● PROMPT
Return the whole listing exactly, omitting the pictures.

● DATA PROVIDED
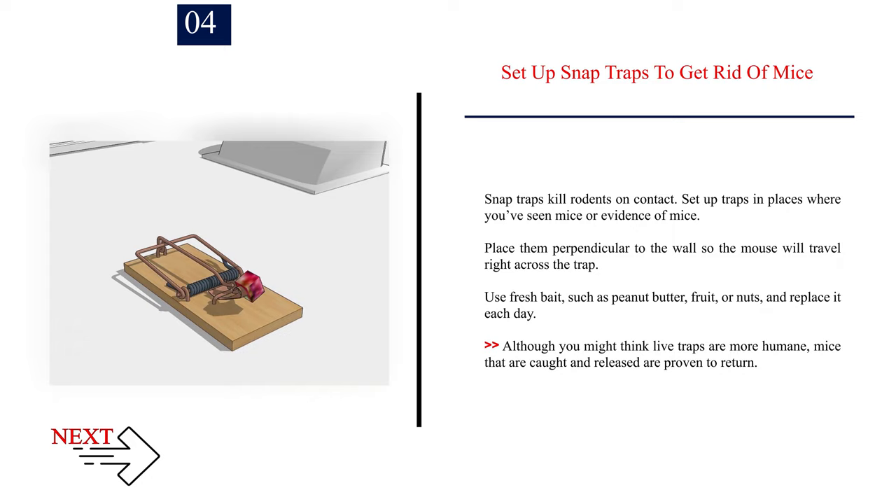Number 4: Set up snap traps to get rid of mice. Snap traps kill rodents on contact. Set up traps in places where you've seen mice or evidence of mice. Place them perpendicular to the wall so the mouse will travel right across the trap. Use fresh bait such as peanut butter, fruit, or nuts, and replace it each day. Although you might think live traps are more humane, mice that are caught and released are proven to return.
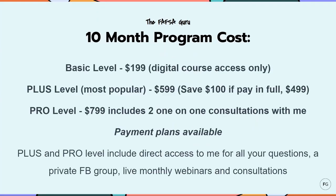Just to give you an idea of the program cost for the Financial Aid Academy: the basic level is $199 for the entire year and gives you access just to the digital course. The plus level, which is my mid-level and most popular, costs $599 but you can save $100 if you pay in full. The plus and pro levels both include direct access to me throughout the entire year for all your questions, membership in a private Facebook group, and live monthly webinars. The pro level includes everything in the plus level in addition to two one-on-one consultations with me. I have payment plans available, and I've tried to create different levels of service to really make this price point affordable for all families.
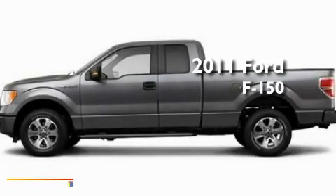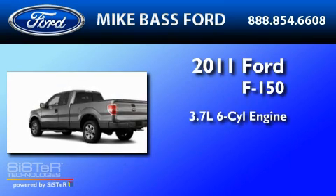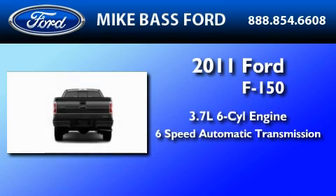This is a brand new 2011 Ford F-150. It has a 3.7-liter six-cylinder engine and a six-speed automatic transmission.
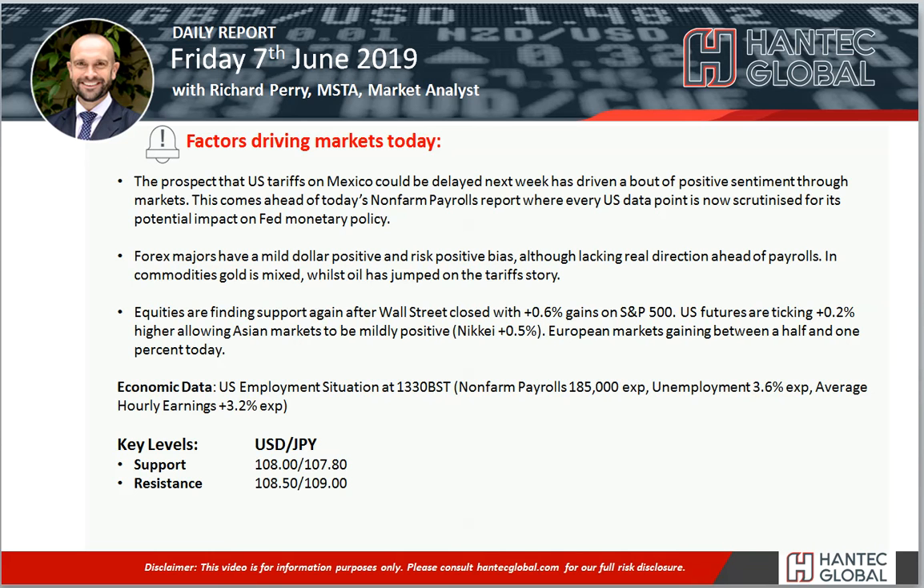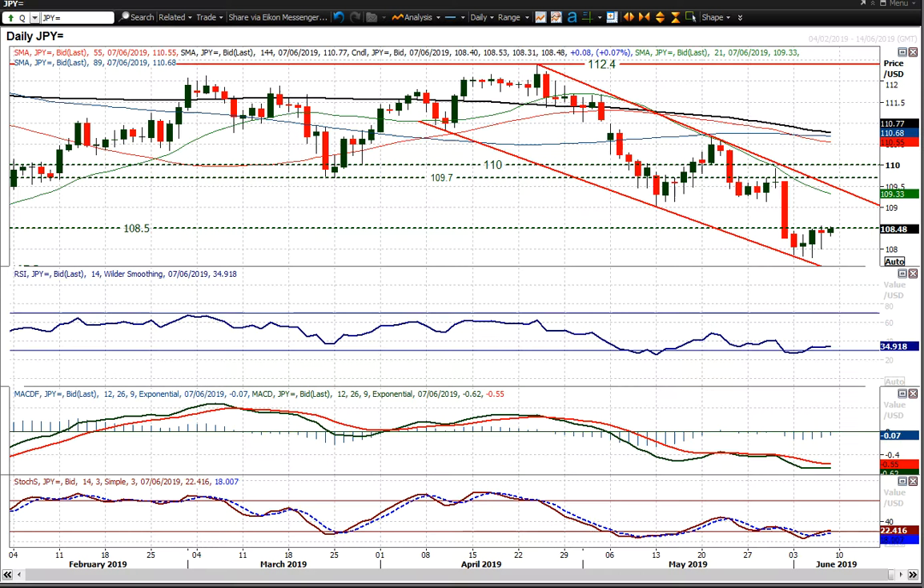Welcome back to my daily report market videos with me, Richard Paymarket and Alistair Hantech, on Friday the 7th of June. Let's have a look at USDJPY on Payrolls Friday. What we do have is USDJPY, which has continued to really form this basis of support we've had this week at 107.80.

● REPLY TO THE TASK
Number 4: Set up snap traps to get rid of mice. Snap traps kill rodents on contact. Set up traps in places where you've seen mice or evidence of mice. Place them perpendicular to the wall so the mouse will travel right across the trap. Use fresh bait such as peanut butter, fruit, or nuts, and replace it each day. Although you might think live traps are more humane, mice that are caught and released are proven to return.
Just to give you an idea of the program cost for the Financial Aid Academy: the basic level is $199 for the entire year and gives you access just to the digital course. The plus level, which is my mid-level and most popular, costs $599 but you can save $100 if you pay in full. The plus and pro levels both include direct access to me throughout the entire year for all your questions, membership in a private Facebook group, and live monthly webinars. The pro level includes everything in the plus level in addition to two one-on-one consultations with me. I have payment plans available, and I've tried to create different levels of service to really make this price point affordable for all families.
This is a brand new 2011 Ford F-150. It has a 3.7-liter six-cylinder engine and a six-speed automatic transmission.
Welcome back to my daily report market videos with me, Richard Paymarket and Alistair Hantech, on Friday the 7th of June. Let's have a look at USDJPY on Payrolls Friday. What we do have is USDJPY, which has continued to really form this basis of support we've had this week at 107.80.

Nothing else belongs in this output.